The regal ermine-cloaked Rockies; the somber moss-hung swamps and bayous of Florida and Louisiana; the romantic orange groves of California; the sweet clean meadows of the Ohio; the majestic bluffs along the Hudson; the poignantly beautiful prairies of Kansas; the dreamy plantations of the Deep South; the rugged grasslands of the Far West — all these and a hundred others offer true landscapes. Each has a distinctive tone, key, spirit and character which hold true and unique despite their infinite variations. They can be known, loved and partially expressed.

The Grand Canyon is beyond comprehension. No one could possibly love it. It is not distinguished by any one dominant quality. It is not unique in the individual sense. It is universal.

One cannot define humanity. One can only define the terms of humanity expressed by its many components: beauty, cruelty, tenderness, strength, awe, horror, serenity, sadness, joy. But to define life — the blended summation of all its infinite aspects — is impossible.

The Grand Canyon in nature is like the humanity of man. It is the sum total of all the aspects of nature combined in one integrated whole. It is at once the smile and the frown upon the face of nature. In its heart is the savage, uncontrollable fury of all the inanimate universe, and at the same time the immeasurable serenity that succeeds it. It is creation.

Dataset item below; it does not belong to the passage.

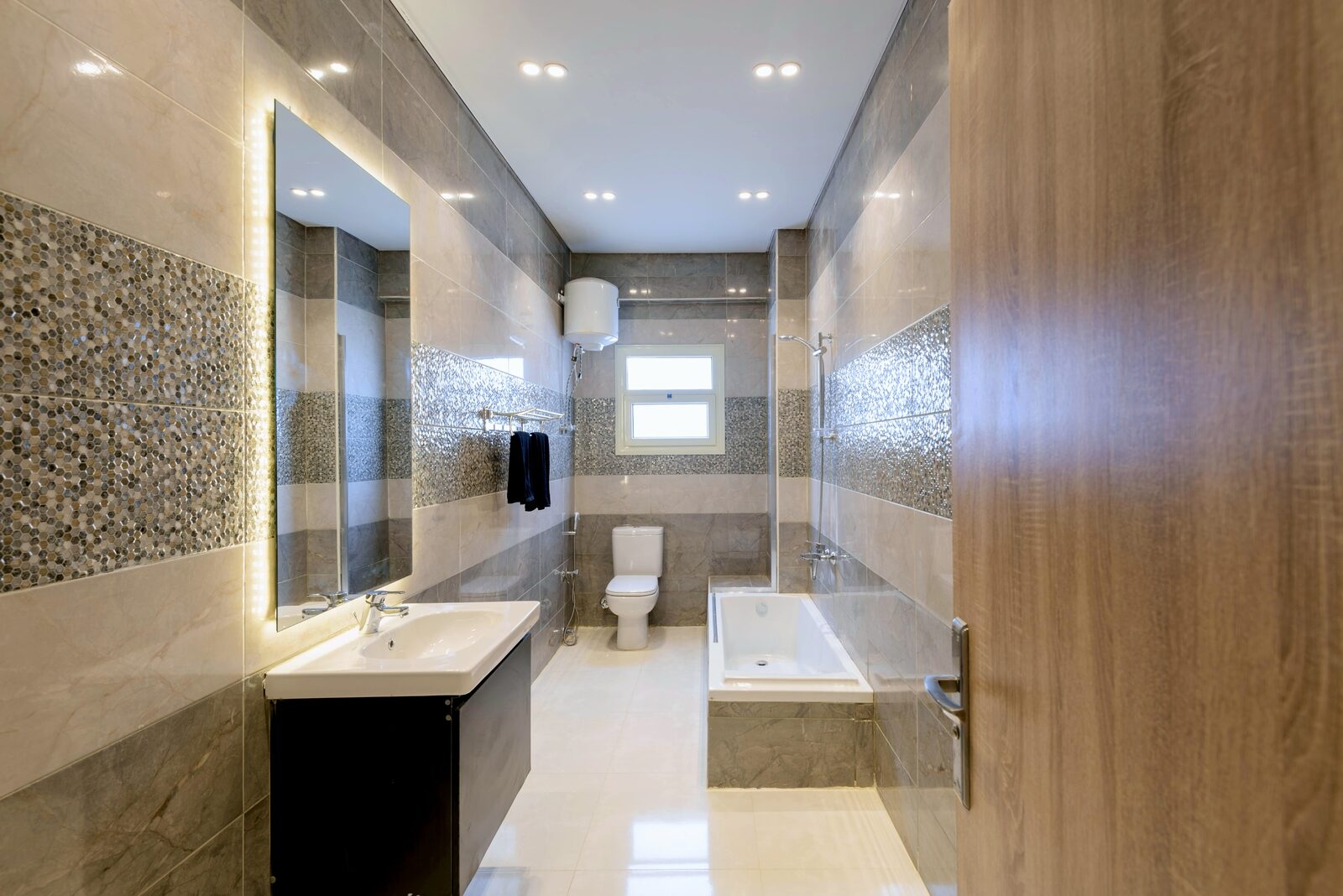 Greenish 1BR Apt on 90th Street — photo 11 of 15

Never static, never still, inconstant as the passing moment and yet endurable as time itself, it is the one great drama of evolutionary change perpetually recapitulated. Yet the Canyon refutes even this geological reality. In its depths whole mountains contract and expand with the changing shadows. Clouds ebb in and out of the gorges like frothy tides. Peaks and buttes change shape and color constantly in the shifting light. None of this seems real. It is a realm of the fantastic unreal.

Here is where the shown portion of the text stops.